From: Alan Stern <st...@rowland.harvard.edu>

commit c01c348ecdc66085e44912c97368809612231520 upstream.

Some drivers (such as the vub300 MMC driver) expect usb_string() to
return a properly NUL-terminated string, even when an error occurs.
(In fact, vub300's probe routine doesn't bother to check the return
code from usb_string().)  When the driver goes on to use an
unterminated string, it leads to kernel errors such as
stack-out-of-bounds, as found by the syzkaller USB fuzzer.

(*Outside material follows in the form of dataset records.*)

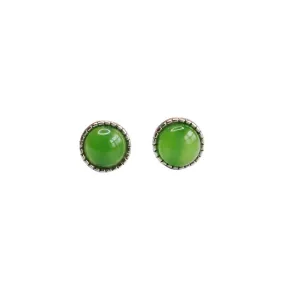 Sterling Silver Earrings with Natural Hetian Jade Insets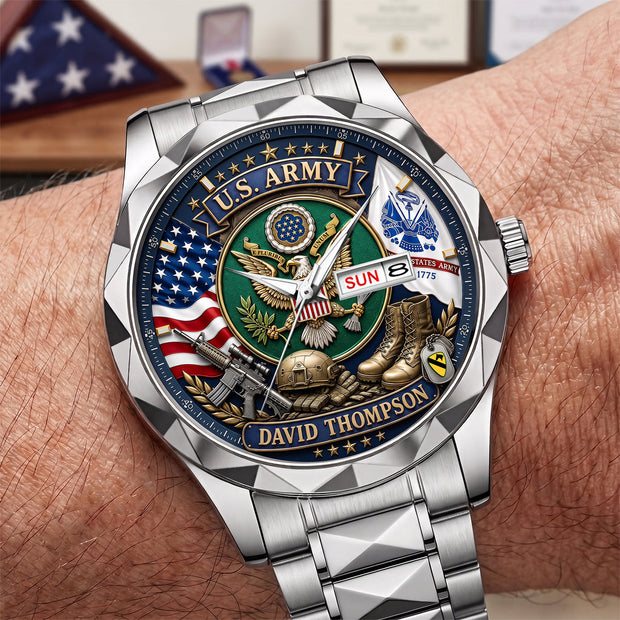 Military Rank Men's - Personalized Men's Wrist Watch - Gift For Veterans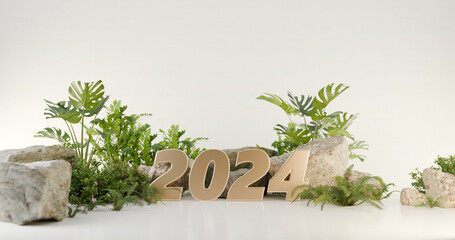 3d text 2024 with plant and rock on white background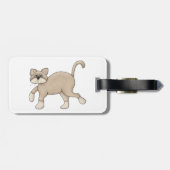 Étiquette À Bagage Beige Cat Drawing with Green Eyes (Dos horizontal)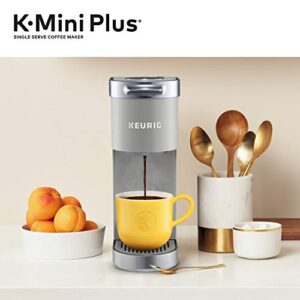 Keurig K-Mini Plus Coffee Maker, Single Serve K-Cup Pod Coffee Brewer, 6 to 12 oz. Brew Size, Stores up to 9 K-Cup Pods, Studio Gray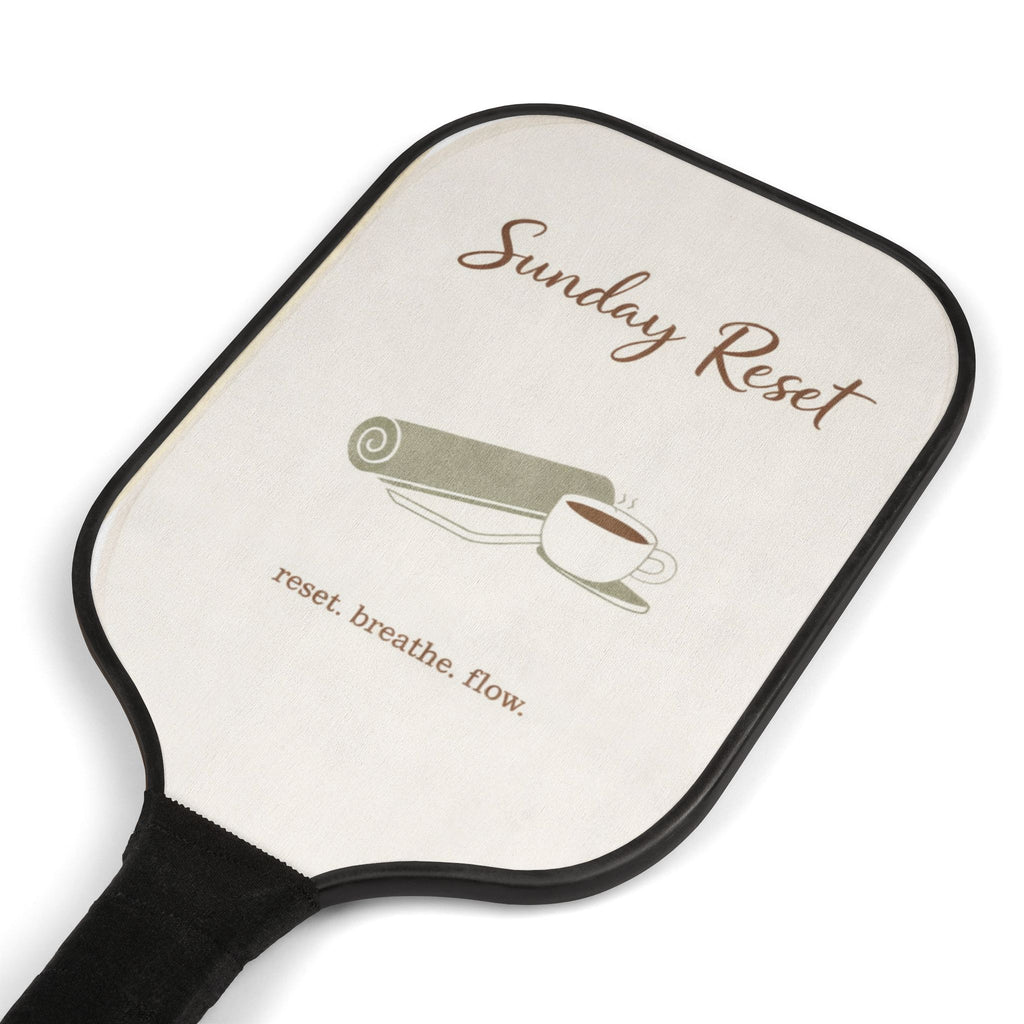 Sunday Reset Pickleball Paddles — Relaxing Yoga & Coffee Design Kit (2 Paddles + Balls)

An out-of-range string index argument is not at all unlikely, given
that some devices don't provide string descriptors and therefore list
0 as the value for their string indexes.  This patch makes
usb_string() return a properly terminated empty string along with the
-EINVAL error code when an out-of-range index is encountered.

And since a USB string index is a single-byte value, indexes >= 256
are just as invalid as values of 0 or below.

Signed-off-by: Alan Stern <st...@rowland.harvard.edu>
Reported-by: syzbot+b75b85111c10b8d68...@syzkaller.appspotmail.com
CC: <sta...@vger.kernel.org>
Signed-off-by: Greg Kroah-Hartman <gre...@linuxfoundation.org>

---
 drivers/usb/core/message.c |    4 +++-
 1 file changed, 3 insertions(+), 1 deletion(-)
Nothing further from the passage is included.